FIGURE 1. Investigation of multi-allelic InDels with random sequences across the genome. (A) Number of multi-allelic InDels with random sequences with relative allele counts. Alleles with allele frequency >0.01 were considered as valid alleles. (B) Frequency distribution of multiple alleles at the multi-allelic InDels. Alleles were sorted in a descending order by frequency in the global population at each multi-allelic InDel marker. Alleles with the 6 highest frequencies were referred to as alleles 1–6. (C) Genomic distribution of the multi-allelic InDels with random sequences located in repeat elements. LTR, long terminal repeat; SINE, short interspersed element; LINE, long interspersed element. (D) Genomic distribution of the multi-allelic InDels with random sequences located in annotated human genes.

The physical distribution of these multi-allelic InDels on autosomes was examined in relation to repeat elements and different genomic partitions. Accordingly, 1,128 multi-allelic InDels (31.34%) were located within known repeat elements, including short interspersed (SINE), long interspersed (LINE), and long terminal repeat (LTR) elements (Figure 1C). Meanwhile, 2,081 of the multi-allelic InDels (57.82%) were located within known genes (Figure 1D), in which 1,999 markers were located at the introns of genes, 156 markers were located in the exons of genes, and 15 multi-allelic InDels were located within the coding regions of genes (Supplementary Table S1).
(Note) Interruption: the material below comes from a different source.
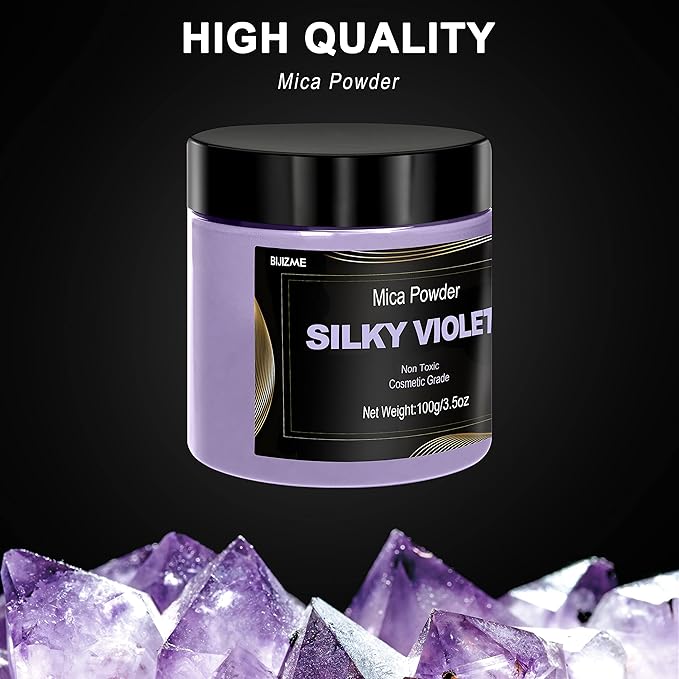Violet Mica Powder Pigment (100g) -Cosmetic Grade Metallic Mica Powder for Epoxy Resin, Lip Gloss, Soap,Candle Making, Bath Bombs,Tumblers,Jewelry, Dyes and DIY Crafting Projects(Silky Violet,3.5oz)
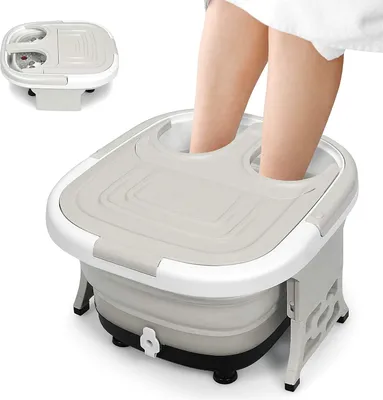 Produktbild von Elektronische Fussbadewanne klappbar, Multifunktionales Fussbadmassagegeraet mit Luftblasen und Fernbedienung, Fusssprudelbad mit verstellbarer Temperatur & Zeit (Grau)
3.2 Multi-InDels With Random DNA Sequences in Human Genome

Investigation of the intervals between adjacent InDel loci with random DNA sequences was conducted across the genome. The more frequent presence of adjacent InDel loci was observed within a short distance, while the occurrence of multi-InDels remained relatively stable within a long distance (Figure 2A), which might indicate a potential relationship in the formation of InDel markers within short distances. Furthermore, the number of adjacent InDel loci decreased greatly within the 20-bp threshold, where the mean difference values were greater than 25. However, with the increase of the adjacent distance (>20 bp), the number of adjacent InDels stayed flat, with little change in the mean difference values. Therefore, in this study, we further characterized 6,375 multi-InDel markers with a limited interval ≤20 bp according to their allele (haplotype) count, allele frequency, and physical position on autosomes.

FIGURE 2

FIGURE 2. Investigation of multi-InDels with random sequences across the genome. (A) The number of sets of two adjacent InDels with random sequences with the interval 1–100 bp is shown. (B) Number of multi-InDels with random sequences with relative allele counts. Alleles with allele frequency ≥0.01 were considered as valid alleles. (C) Frequency distribution of multiple alleles at multi-InDels in worldwide populations. Alleles were sorted in a descending order by frequency in the global population at each multi-InDel marker. Alleles with the 6 highest frequencies were referred to as alleles 1–6. (D) Frequency distribution of multiple alleles at the multi-InDels consisting of two InDels. Alleles were sorted in a descending order by frequency at each multi-InDel marker. The blue points represent outliers of the distribution based on Tukey’s method. (E) Genomic distribution of the multi-InDels with random sequences located in repeat elements. LTR, long terminal repeat; SINE, short interspersed element; LINE, long interspersed element. (F) Genomic distribution of the multi-InDels with random sequences located in annotated human genes.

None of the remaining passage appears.